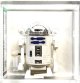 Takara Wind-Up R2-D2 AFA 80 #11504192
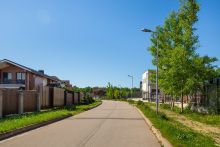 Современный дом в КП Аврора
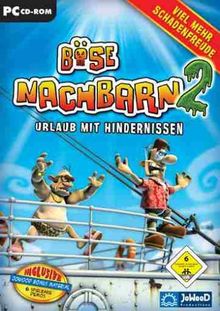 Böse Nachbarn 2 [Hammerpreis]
▬▬▬▬▬▬▬▬▬▬
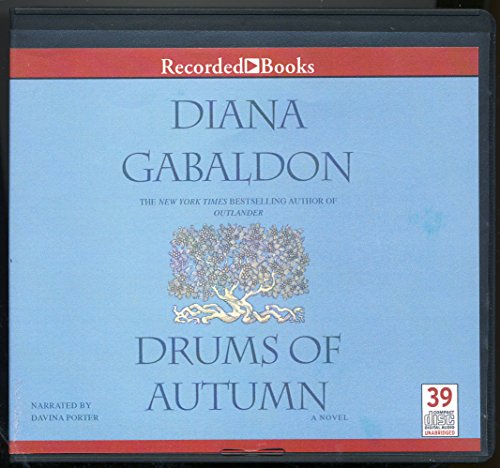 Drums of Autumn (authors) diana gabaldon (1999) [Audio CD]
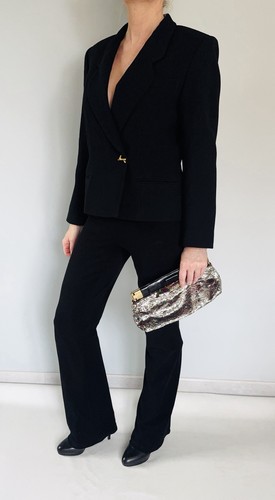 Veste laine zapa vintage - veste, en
▬▬▬▬▬▬▬▬▬▬
▶ **YOUR ASSIGNMENT**
Each line above from the one containing "Takara Wind-Up R2-D2 AFA 80 #11504192" through the one containing "Böse Nachbarn 2 [Hammerpreis]" is to be returned verbatim. Nothing else, and no pictures.

▶ **TASK RESPONSE**
 Takara Wind-Up R2-D2 AFA 80 #11504192
 Современный дом в КП Аврора
 Böse Nachbarn 2 [Hammerpreis]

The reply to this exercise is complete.